- [Work request]: Repeat the data in full and exactly. Leave the pictures out.

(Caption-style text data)
>>>

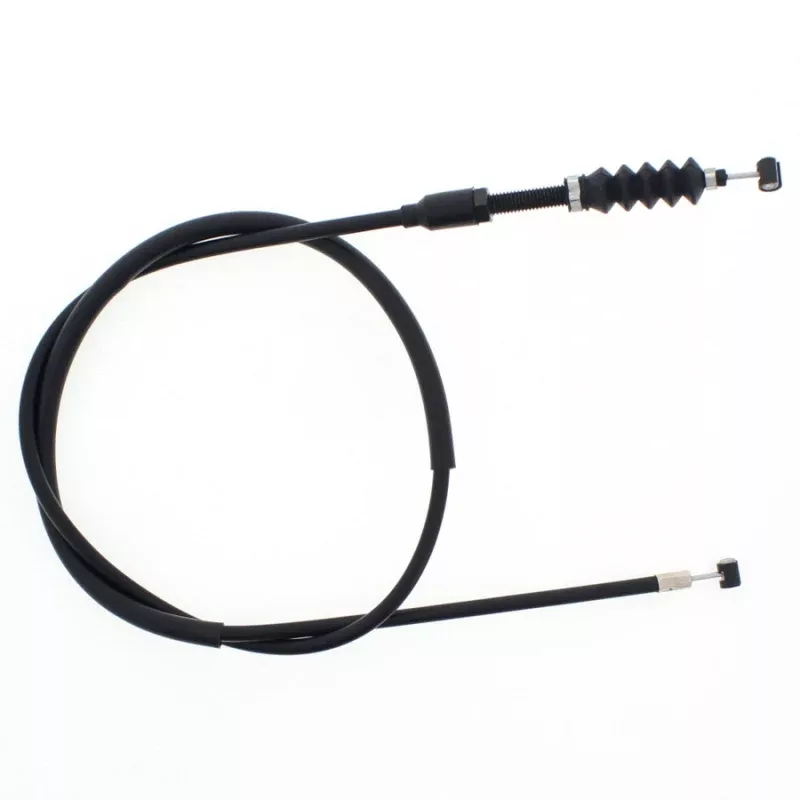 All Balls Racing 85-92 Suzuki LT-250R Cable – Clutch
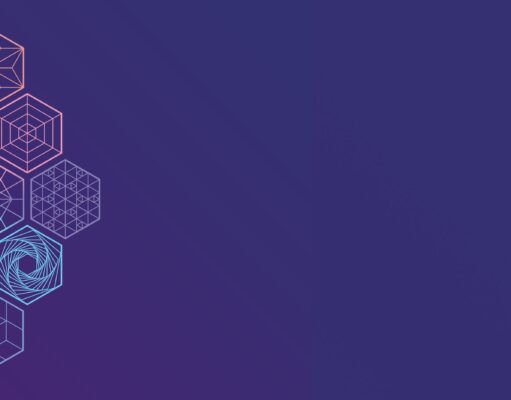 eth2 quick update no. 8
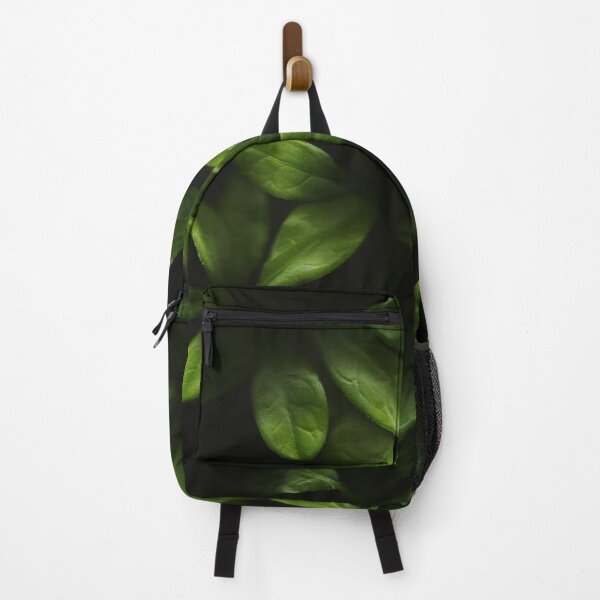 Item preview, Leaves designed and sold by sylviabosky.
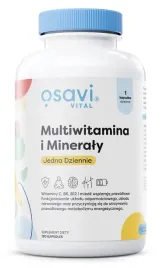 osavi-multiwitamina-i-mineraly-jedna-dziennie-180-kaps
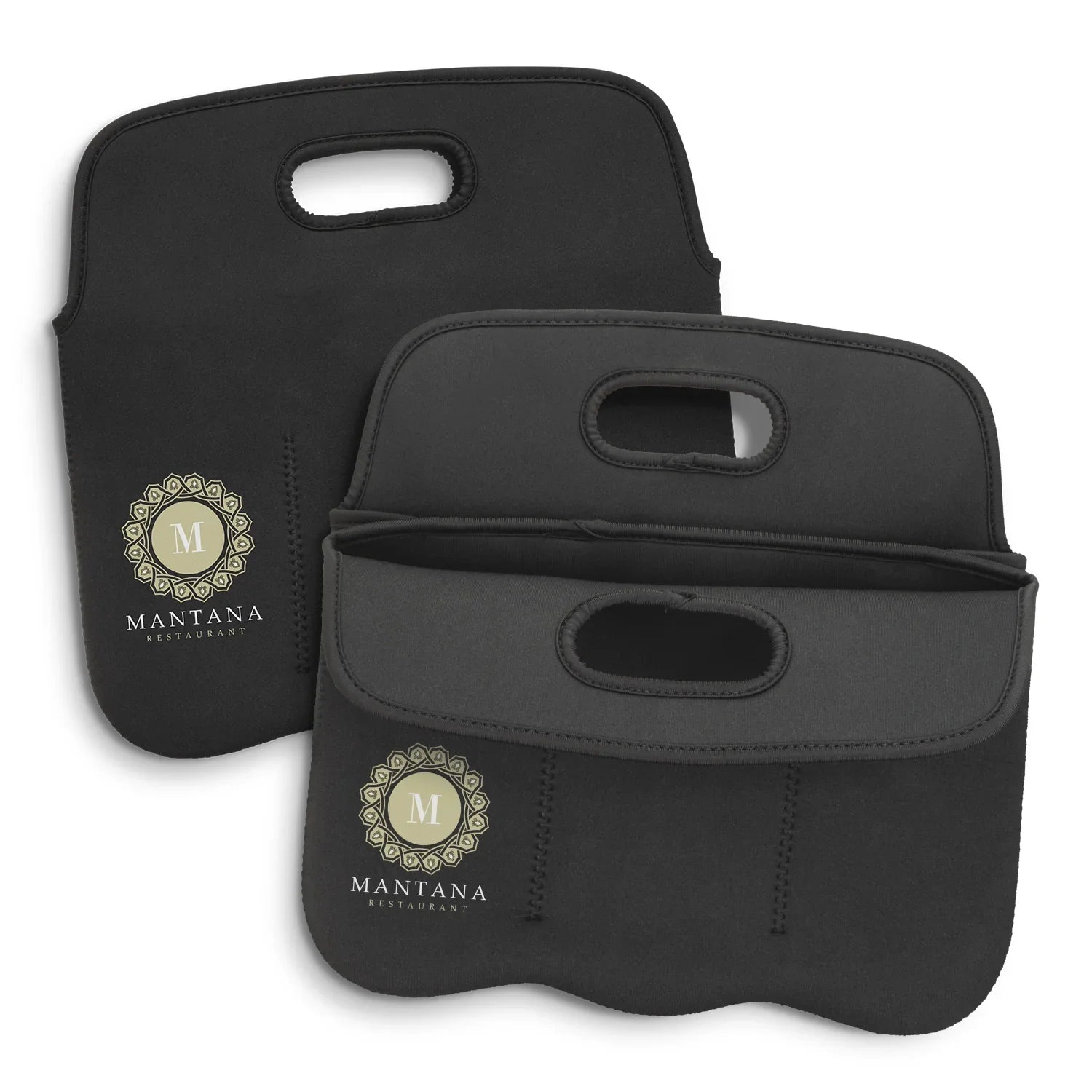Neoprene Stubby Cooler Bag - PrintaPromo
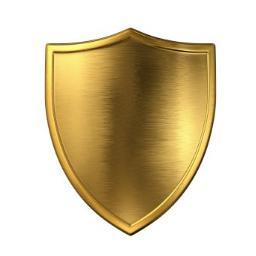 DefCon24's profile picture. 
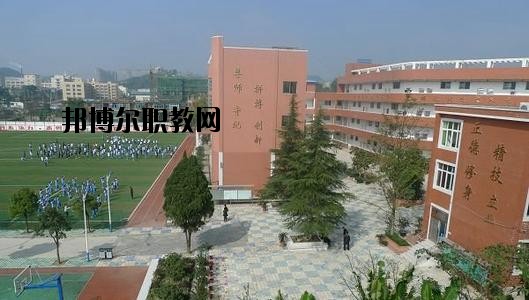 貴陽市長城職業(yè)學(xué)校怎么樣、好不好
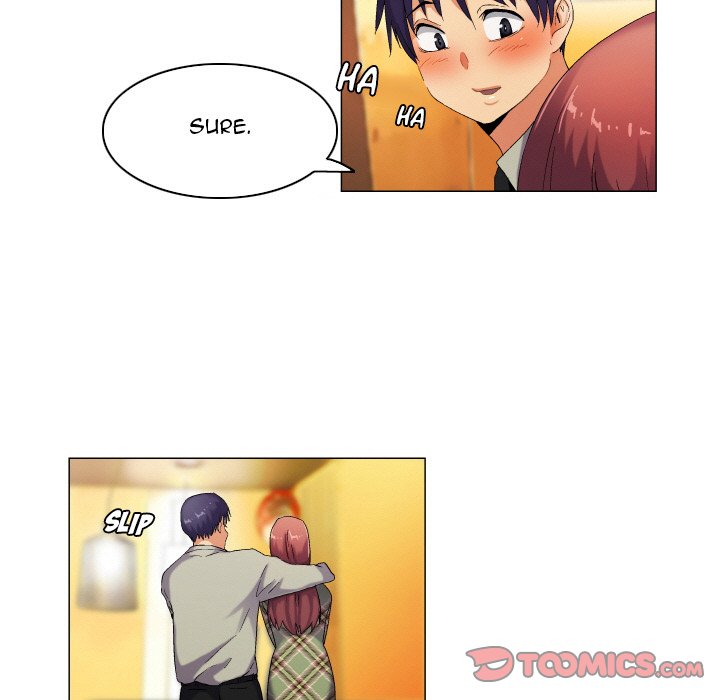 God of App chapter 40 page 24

<<<

- [Solution for this problem]:
 All Balls Racing 85-92 Suzuki LT-250R Cable – Clutch
 eth2 quick update no. 8
 Item preview, Leaves designed and sold by sylviabosky.
 osavi-multiwitamina-i-mineraly-jedna-dziennie-180-kaps
Neoprene Stubby Cooler Bag - PrintaPromo
 DefCon24's profile picture. 
 貴陽市長城職業(yè)學(xué)校怎么樣、好不好
 God of App chapter 40 page 24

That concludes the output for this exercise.